Items from a data source
==============================

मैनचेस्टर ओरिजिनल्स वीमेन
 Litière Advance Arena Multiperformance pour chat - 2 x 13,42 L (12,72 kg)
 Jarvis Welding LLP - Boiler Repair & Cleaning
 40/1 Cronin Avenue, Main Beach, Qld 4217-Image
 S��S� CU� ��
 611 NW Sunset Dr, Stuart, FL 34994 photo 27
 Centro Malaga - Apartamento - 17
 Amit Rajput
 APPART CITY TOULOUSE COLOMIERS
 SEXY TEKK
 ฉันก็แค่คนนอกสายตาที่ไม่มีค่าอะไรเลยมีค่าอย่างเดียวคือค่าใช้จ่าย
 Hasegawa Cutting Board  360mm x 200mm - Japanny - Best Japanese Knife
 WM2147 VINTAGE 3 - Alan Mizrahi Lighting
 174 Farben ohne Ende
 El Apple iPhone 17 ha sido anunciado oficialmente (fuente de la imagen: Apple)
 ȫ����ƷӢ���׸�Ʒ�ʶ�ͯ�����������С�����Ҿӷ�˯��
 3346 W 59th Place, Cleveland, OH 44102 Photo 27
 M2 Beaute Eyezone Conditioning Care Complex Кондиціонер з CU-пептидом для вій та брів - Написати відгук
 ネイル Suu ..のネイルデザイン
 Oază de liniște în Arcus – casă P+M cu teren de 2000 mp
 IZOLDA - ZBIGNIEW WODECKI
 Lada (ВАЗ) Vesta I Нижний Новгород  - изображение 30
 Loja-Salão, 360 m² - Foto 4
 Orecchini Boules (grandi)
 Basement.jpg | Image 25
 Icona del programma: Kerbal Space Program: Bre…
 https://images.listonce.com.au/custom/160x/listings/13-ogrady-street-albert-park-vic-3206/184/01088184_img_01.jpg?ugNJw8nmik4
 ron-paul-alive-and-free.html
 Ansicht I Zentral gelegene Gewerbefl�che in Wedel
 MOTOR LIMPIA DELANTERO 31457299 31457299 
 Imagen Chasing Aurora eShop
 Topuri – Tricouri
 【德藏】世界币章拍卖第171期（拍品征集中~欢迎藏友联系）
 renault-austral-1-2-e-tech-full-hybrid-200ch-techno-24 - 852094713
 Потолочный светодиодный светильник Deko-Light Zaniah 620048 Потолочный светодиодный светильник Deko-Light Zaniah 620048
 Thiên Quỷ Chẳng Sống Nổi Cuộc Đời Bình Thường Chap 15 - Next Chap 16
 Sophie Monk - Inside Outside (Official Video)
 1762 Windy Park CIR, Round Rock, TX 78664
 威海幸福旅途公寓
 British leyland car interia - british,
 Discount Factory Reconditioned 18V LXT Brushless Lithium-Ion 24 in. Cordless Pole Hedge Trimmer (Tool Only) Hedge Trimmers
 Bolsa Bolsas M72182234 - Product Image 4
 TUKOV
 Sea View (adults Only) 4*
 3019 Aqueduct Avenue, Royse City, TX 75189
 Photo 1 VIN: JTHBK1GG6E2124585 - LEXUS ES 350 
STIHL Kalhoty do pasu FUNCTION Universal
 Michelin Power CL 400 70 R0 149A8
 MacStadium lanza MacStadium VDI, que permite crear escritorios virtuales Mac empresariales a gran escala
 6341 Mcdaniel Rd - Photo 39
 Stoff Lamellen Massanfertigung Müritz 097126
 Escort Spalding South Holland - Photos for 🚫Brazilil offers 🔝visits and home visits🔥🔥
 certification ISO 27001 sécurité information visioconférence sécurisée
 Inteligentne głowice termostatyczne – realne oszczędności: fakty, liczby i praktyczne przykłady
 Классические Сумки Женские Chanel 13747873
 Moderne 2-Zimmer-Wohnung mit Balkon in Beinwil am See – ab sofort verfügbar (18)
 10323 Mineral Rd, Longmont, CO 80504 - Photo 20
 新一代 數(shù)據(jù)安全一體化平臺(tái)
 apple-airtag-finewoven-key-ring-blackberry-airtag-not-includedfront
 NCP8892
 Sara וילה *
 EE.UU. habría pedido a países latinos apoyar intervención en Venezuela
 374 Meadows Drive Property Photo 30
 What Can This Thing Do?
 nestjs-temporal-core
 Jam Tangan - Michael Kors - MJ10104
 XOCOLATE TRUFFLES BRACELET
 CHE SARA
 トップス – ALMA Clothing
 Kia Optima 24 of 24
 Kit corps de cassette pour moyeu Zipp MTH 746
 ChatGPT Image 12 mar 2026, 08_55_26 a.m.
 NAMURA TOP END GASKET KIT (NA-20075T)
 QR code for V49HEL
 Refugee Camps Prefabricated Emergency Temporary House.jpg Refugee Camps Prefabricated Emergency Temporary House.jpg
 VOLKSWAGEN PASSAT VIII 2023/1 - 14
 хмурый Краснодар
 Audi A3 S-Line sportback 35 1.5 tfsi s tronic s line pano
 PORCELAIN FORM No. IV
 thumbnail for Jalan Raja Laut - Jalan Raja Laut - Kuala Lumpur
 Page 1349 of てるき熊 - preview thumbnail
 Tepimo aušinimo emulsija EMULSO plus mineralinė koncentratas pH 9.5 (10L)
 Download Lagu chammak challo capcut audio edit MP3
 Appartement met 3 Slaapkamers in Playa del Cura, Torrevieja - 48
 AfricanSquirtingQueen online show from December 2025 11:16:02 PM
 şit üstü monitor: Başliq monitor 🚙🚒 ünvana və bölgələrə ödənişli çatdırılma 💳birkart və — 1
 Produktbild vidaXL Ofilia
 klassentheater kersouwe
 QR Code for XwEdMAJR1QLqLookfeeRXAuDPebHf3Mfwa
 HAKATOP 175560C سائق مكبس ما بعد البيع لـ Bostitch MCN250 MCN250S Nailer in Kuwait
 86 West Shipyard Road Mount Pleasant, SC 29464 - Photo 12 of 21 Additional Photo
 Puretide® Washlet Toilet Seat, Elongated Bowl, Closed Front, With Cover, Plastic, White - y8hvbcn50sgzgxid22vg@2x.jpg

==============================

> _Work item_
For the records above, state the count of lines where "Avenue" appears, without any other text.

> _Result_
2